In some immigrant neighborhoods, business is poised to fall off a cliff. As the LA Times reports, S.B. 1070 may be the final push over the brink for businesses already struggling in the slow and uneven economic recovery: “For the last 20 years, Arizona has been one of the fastest-growing states in the nation. It depends on an expanding population to power its economy, which relies heavily on the construction of new houses.” If the low-paid immigrant workforce packs up and leaves Arizona, the construction industry is unlikely to feel the pinch, at least for now; but what happens when the recovery gains momentum, and what happens even before that, when large numbers of taxpaying Latino consumers leave the state and take their labor – and their paychecks – elsewhere?

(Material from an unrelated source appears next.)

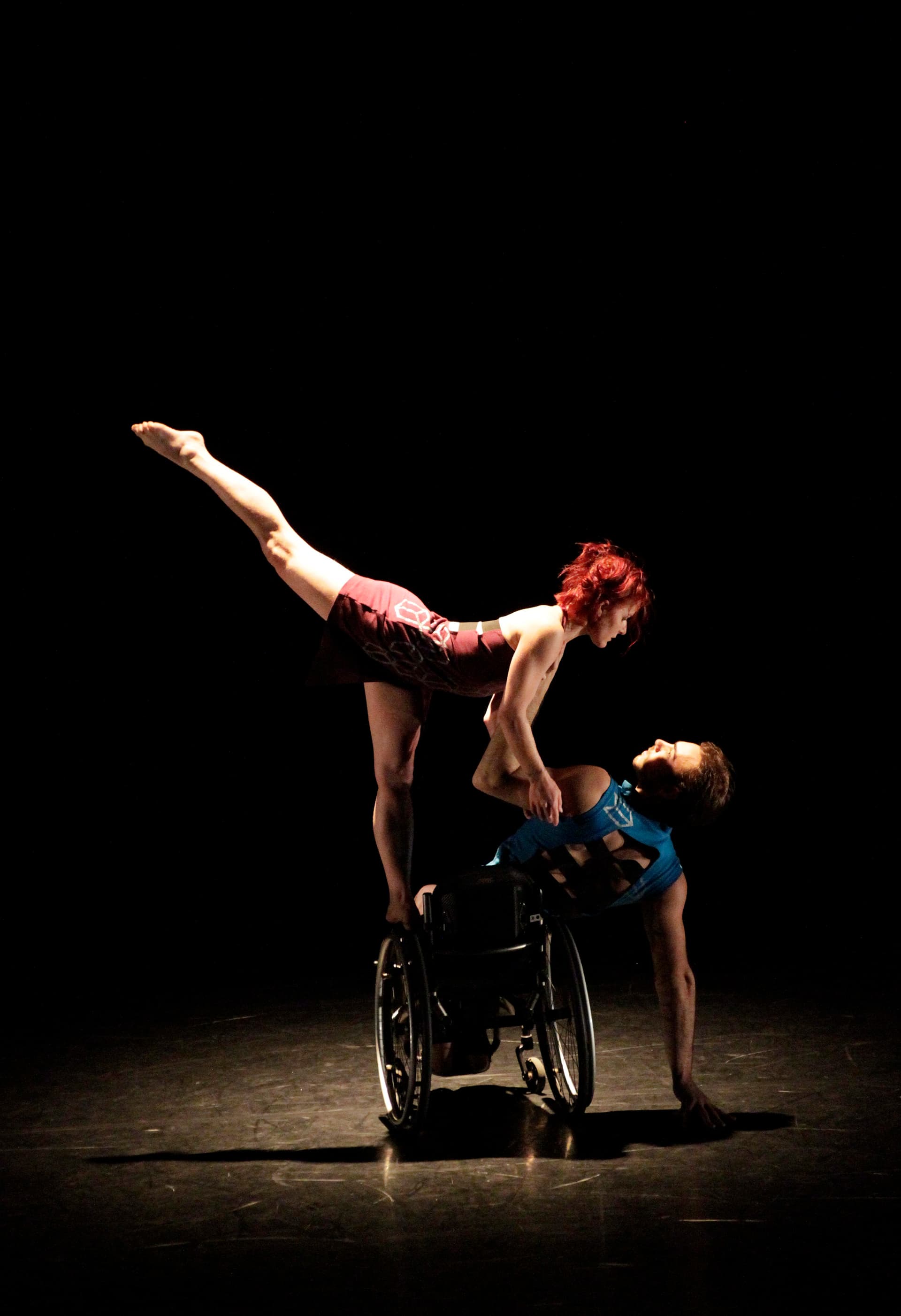 Gathered Together -- Scotland’s International Inclusive Dance Festival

This is no idle concern. Judith Gans of the University of Arizona’s Udall Center for Studies in Public Policy told the LA Times that, on balance, immigrants still help the economy, even in those cases where a family uses more government services than they pay in taxes. “In a 2008 study, [Gans] found that Arizona immigrants contributed $29 billion annually to the state economy, representing about 8% of its activity.” The LA Times noted further that, “When immigrants leave, Gans said, ‘stores experience dramatic drops in sales. Apartment owners who rent to immigrants have high vacancy rates and risk losing their buildings. Legal workers or renters or consumers don’t generally step in quickly enough to prevent these businesses from experiencing real additional hardship.'”
At worst, S.B. 1070 is self-destructive; at best, it is counterproductive to Arizona’s economic recovery. Aside from all the bad publicity S.B. 1070 brings with it – no small factor in a state that depends so heavily on tourist revenues and goodwill – the economic collateral damage will be substantial if Latinos, whether legal or illegal immigrants or American-born, take the hint that they are unwelcome and move to other states.

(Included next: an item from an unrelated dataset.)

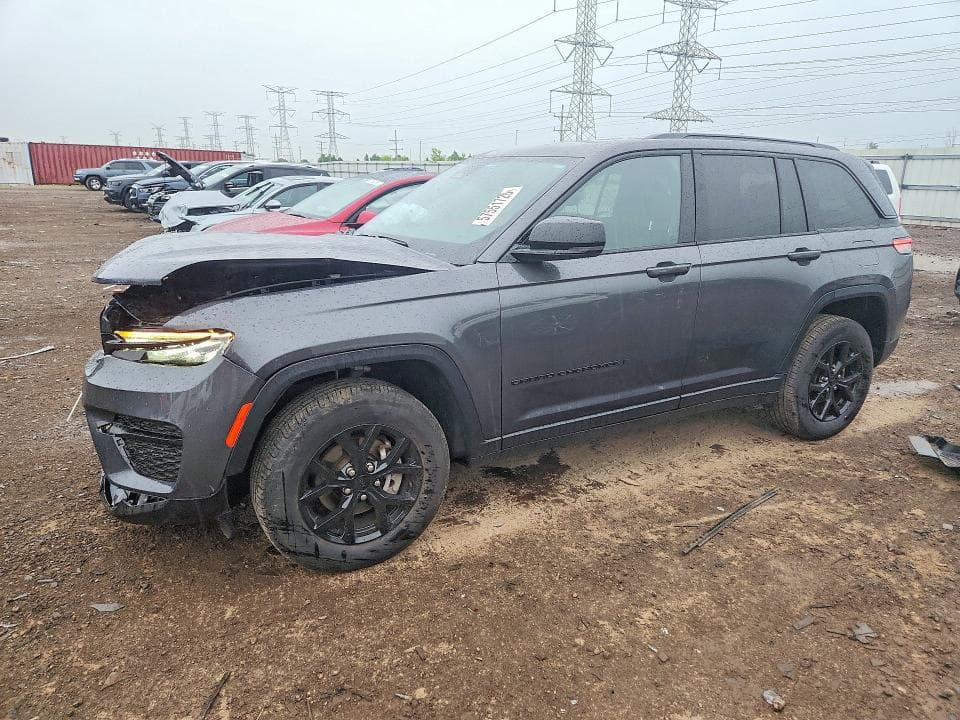 2024 JEEP GRAND CHEROKEE LAREDO LAREDO 2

Clearly, something other than economic rationality is driving this. What is it? Some signs point to racism and xenophobia, possibly rooted in long-term demographic changes. (See Neo-Nazi Groups Take Up Arms in Arizona to Combat Illegal Immigration, by Joe Tacopino, NY Daily News, 18.Jul.2010, and Hating Hispanics: Has Arizona Ignited Firestorm After Decade of Simmering Tension, by Sarah Netter, ABC News, 19.Jul.2010.) A recent article on Politico.com, though, posits another reason: that controversy over immigration makes good box office for politicians on both sides of the aisle, to the point that neither side has an incentive to actually resolve our immigration problems. (See Pols Profit from Immigration Impasse, by Scott Wong, Politico.com, 26.Jul.2010.) There is some truth in this; had Congress enacted meaningful immigration reform, proponents of S.B. 1070 would not have been able to mask the ugly motivations behind their legislation with claims that federal inaction required this particularly odious form of state action. Still, the blame for this legislative tornado must rest, if anywhere, with the governor and state legislature in Arizona.

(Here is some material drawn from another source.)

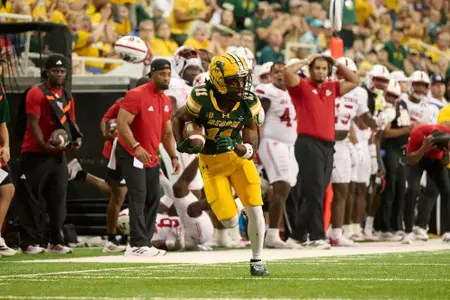 Photo from the Jacksonville State at North Dakota State football game Saturday, Aug. 29, 2026.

For Arizona’s sake – and for that of the country – let us hope that S.B. 1070 gets stopped in its tracks at the courthouse door, before it ever has a chance to take effect. Let us hope that in the future, serious problems – in our immigration system or elsewhere – will be met with serious-minded and constructive legislative solutions, not scape-goating, fear-mongering, and the politics of division.